#### [TASK GOAL]
Every line below from the one with "May include: A" through the one with "Black women's shoulder" is to be repeated exactly, with no picture among them.

#### [PROVIDED ENTRIES]
────

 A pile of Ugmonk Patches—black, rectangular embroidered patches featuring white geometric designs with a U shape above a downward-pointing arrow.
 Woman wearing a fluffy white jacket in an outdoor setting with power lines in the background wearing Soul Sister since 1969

────

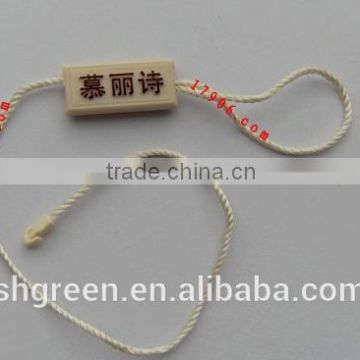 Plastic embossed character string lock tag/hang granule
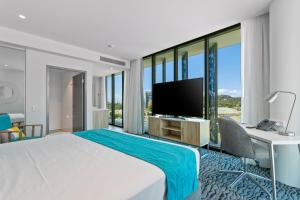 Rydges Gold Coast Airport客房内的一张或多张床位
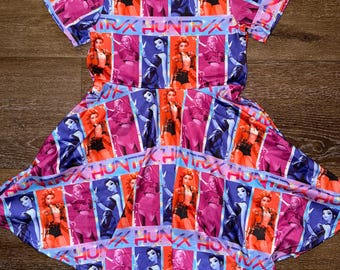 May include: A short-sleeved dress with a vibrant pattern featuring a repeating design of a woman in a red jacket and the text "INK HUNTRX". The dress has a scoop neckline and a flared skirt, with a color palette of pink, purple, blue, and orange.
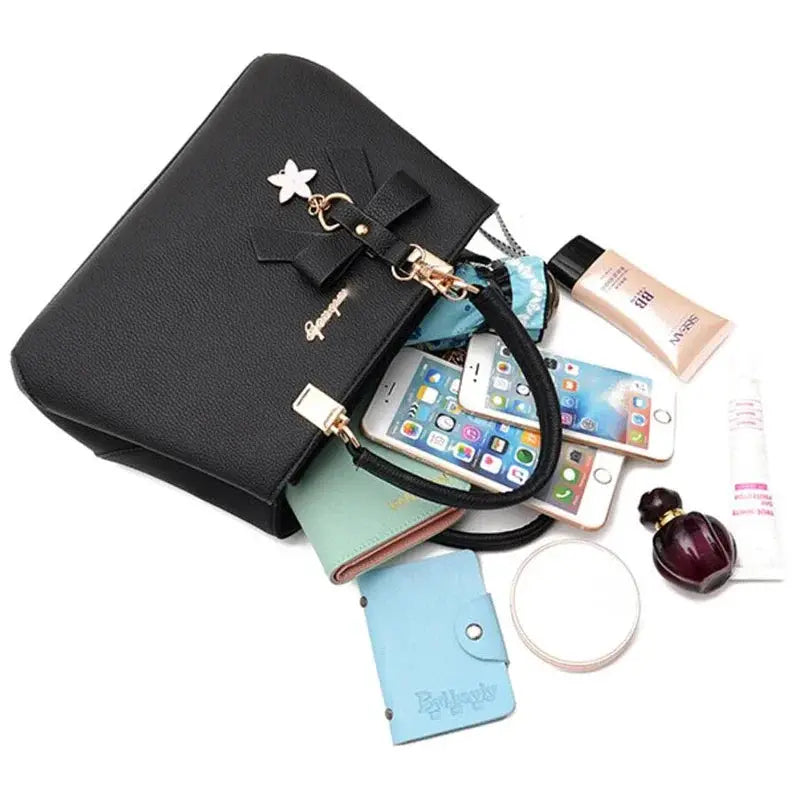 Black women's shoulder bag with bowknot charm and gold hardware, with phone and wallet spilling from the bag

────

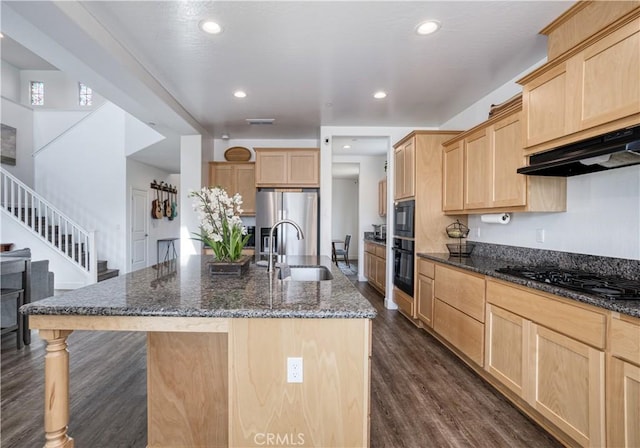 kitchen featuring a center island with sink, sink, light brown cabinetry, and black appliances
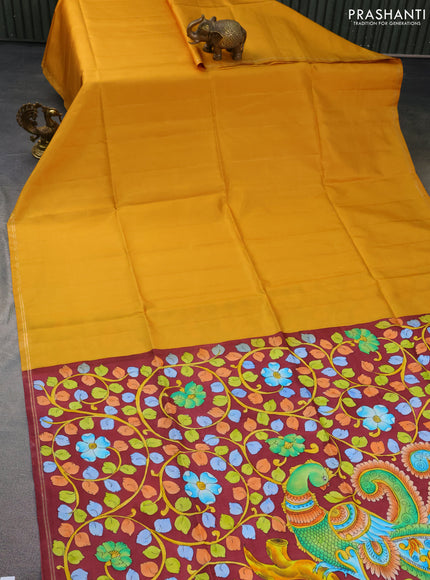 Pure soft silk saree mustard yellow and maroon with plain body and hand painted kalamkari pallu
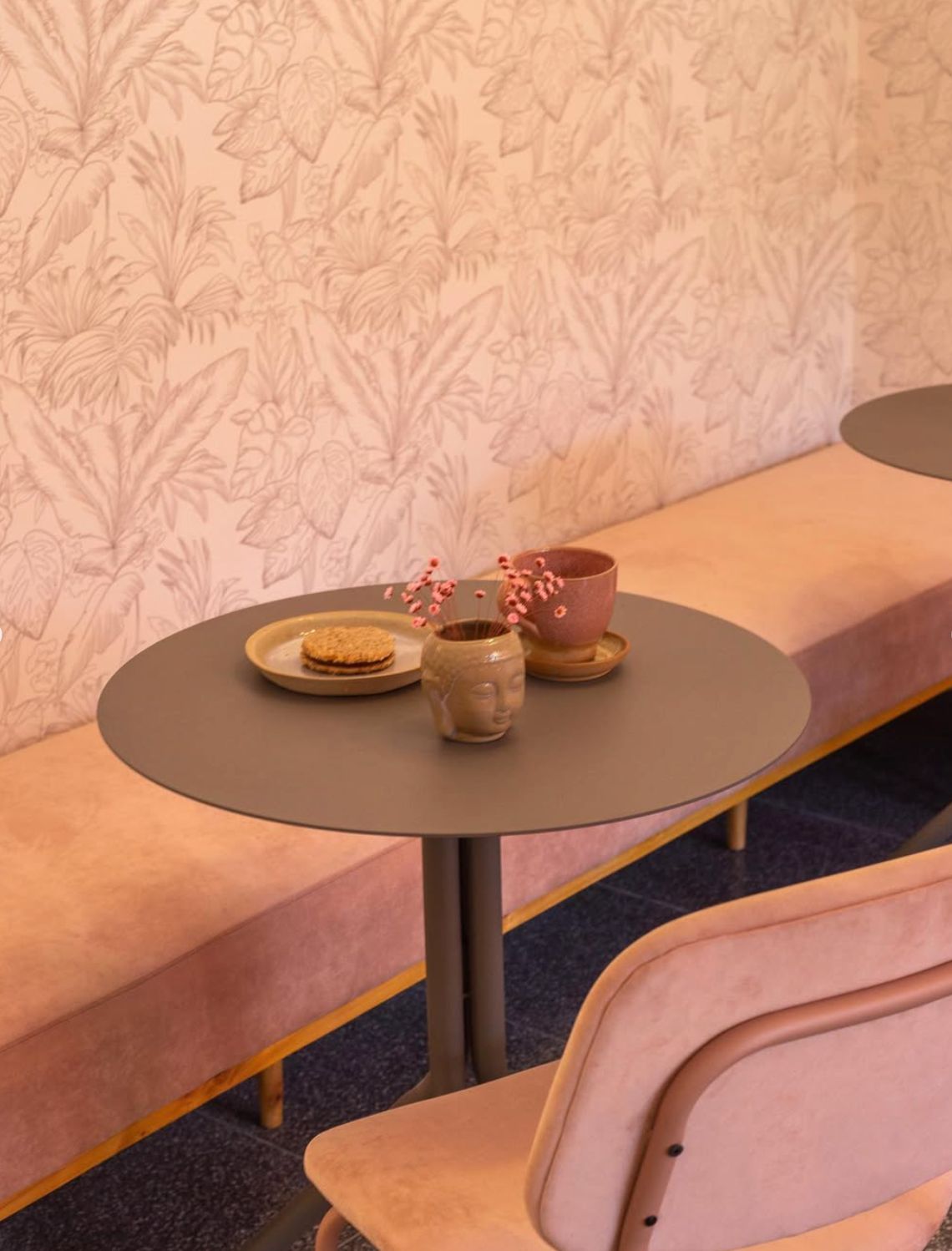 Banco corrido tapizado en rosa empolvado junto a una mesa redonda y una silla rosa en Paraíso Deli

────

#### [YOUR SOLUTION]
 May include: A short-sleeved dress with a vibrant pattern featuring a repeating design of a woman in a red jacket and the text "INK HUNTRX". The dress has a scoop neckline and a flared skirt, with a color palette of pink, purple, blue, and orange.
 Black women's shoulder bag with bowknot charm and gold hardware, with phone and wallet spilling from the bag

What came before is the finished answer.